2 - 2 1/2 pounds meaty chicken pieces (breasts, thighs, and drumsticks)
2 tablespoons cooking oil
1 1/2 cups water
1/3 cup cider vinegar
2 tablespoons soy sauce
3 large cloves garlic, minced
1/2 teaspoon whole peppercorns
1/2 teaspoon ground black pepper
1 bay leaf
1 medium green sweet pepper, sliced into thin strips
2 tablespoons cornstarch
2 tablespoons water
1 cup canned unsweetened coconut milk (not cream of coconut)
Hot cooked rice
1/4 cup sliced green onions
Chicken Adobo-style Recipe at
If desired, skin chicken. Rinse chicken; pat dry. In a large, heavy skillet brown chicken in hot oil, turning to brown evenly. Drain off fat. To the skillet add 1 1/2 cups water, vinegar, soy sauce, garlic, peppercorns, pepper and bay leaf. Bring to boiling; reduce heat. Cover and simmer for 30 minutes, or till chicken is tender, adding the green pepper strips during the last 5 minutes of cooking. Transfer chicken to a serving platter; keep warm.
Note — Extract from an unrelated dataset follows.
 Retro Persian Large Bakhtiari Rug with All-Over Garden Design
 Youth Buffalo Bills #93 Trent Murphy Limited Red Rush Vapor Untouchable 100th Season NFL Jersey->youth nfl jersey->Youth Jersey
With a slotted spoon, remove green pepper strips and set aside. Stir together cornstarch and 2 tablespoons water; stir into liquid in skillet. Cook and stir till thickened and bubbly. Cook and stir for 2 minutes more. Stir in coconut milk and the green pepper strips. Heat through, but do not boil. Serve chicken and sauce with rice. Sprinkle with green onions.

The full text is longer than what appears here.